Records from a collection
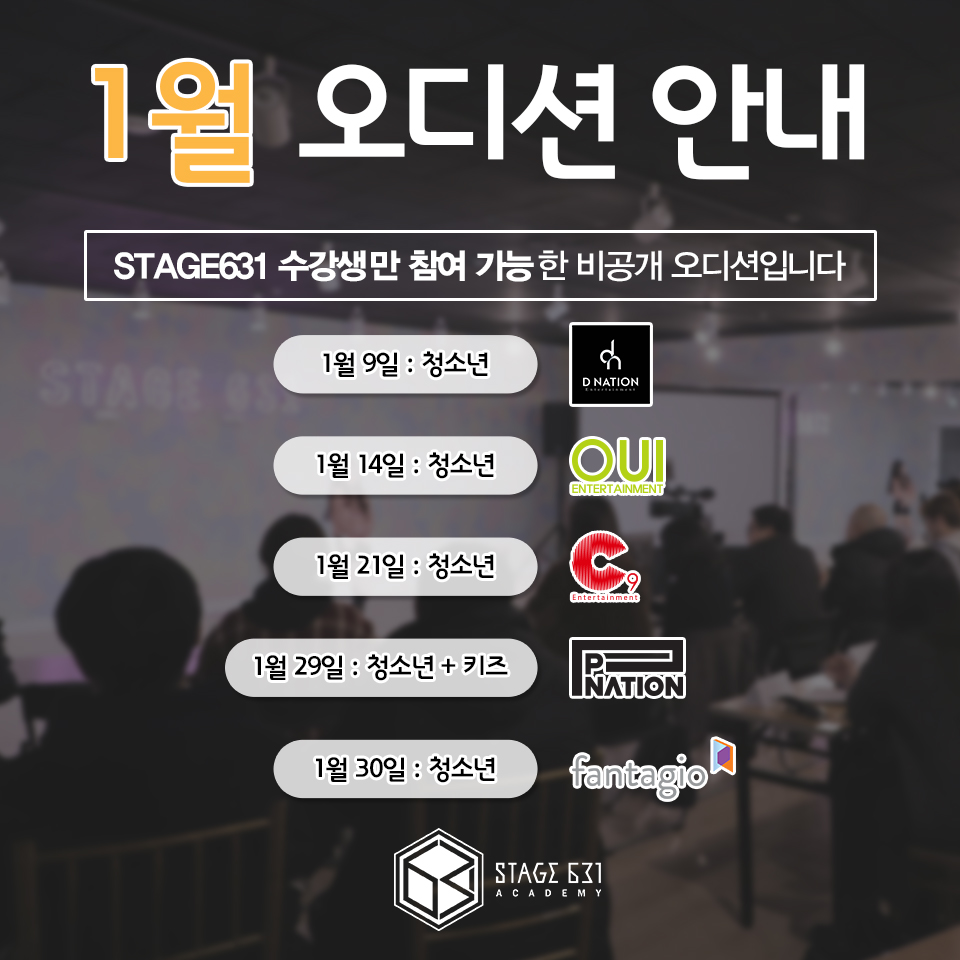 STAGE_631's tweet photo. #STAGE631 1월 기획사 비공개 내방 오디션 안내

1월 9일(목) 디네이션
1월 14일(화) 위 엔터테인먼트
1월 21일(화) C9 엔터테인먼트
1월 29일(수) 피네이션
1월 30일(목) 판타지오

※참여를 원하는 수강생분들은 인포데스크를 통해 접수 바랍니다. https://t.co/0egXbCVdOO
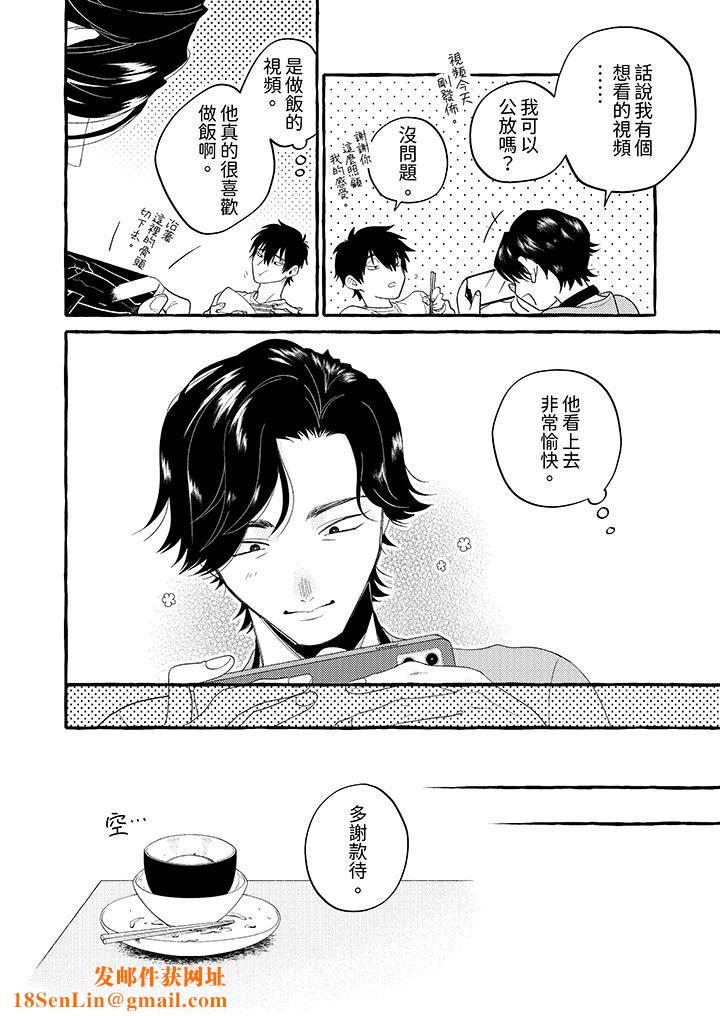 我没让你吃了我！第1话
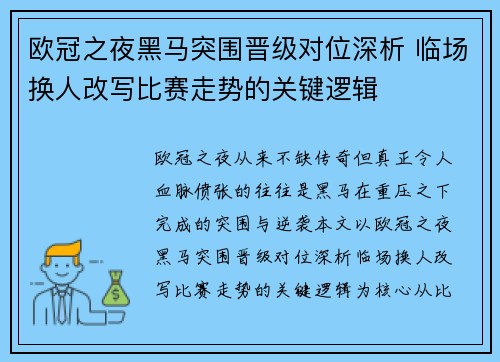 欧冠之夜黑马突围晋级对位深析 临场换人改写比赛走势的关键逻辑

WHAT TO PRODUCE: All of the records should be set down exactly, minus the pictures they hold.

ANSWER TO THE PROBLEM:
 STAGE_631's tweet photo. #STAGE631 1월 기획사 비공개 내방 오디션 안내

1월 9일(목) 디네이션
1월 14일(화) 위 엔터테인먼트
1월 21일(화) C9 엔터테인먼트
1월 29일(수) 피네이션
1월 30일(목) 판타지오

※참여를 원하는 수강생분들은 인포데스크를 통해 접수 바랍니다. https://t.co/0egXbCVdOO
 我没让你吃了我！第1话
 欧冠之夜黑马突围晋级对位深析 临场换人改写比赛走势的关键逻辑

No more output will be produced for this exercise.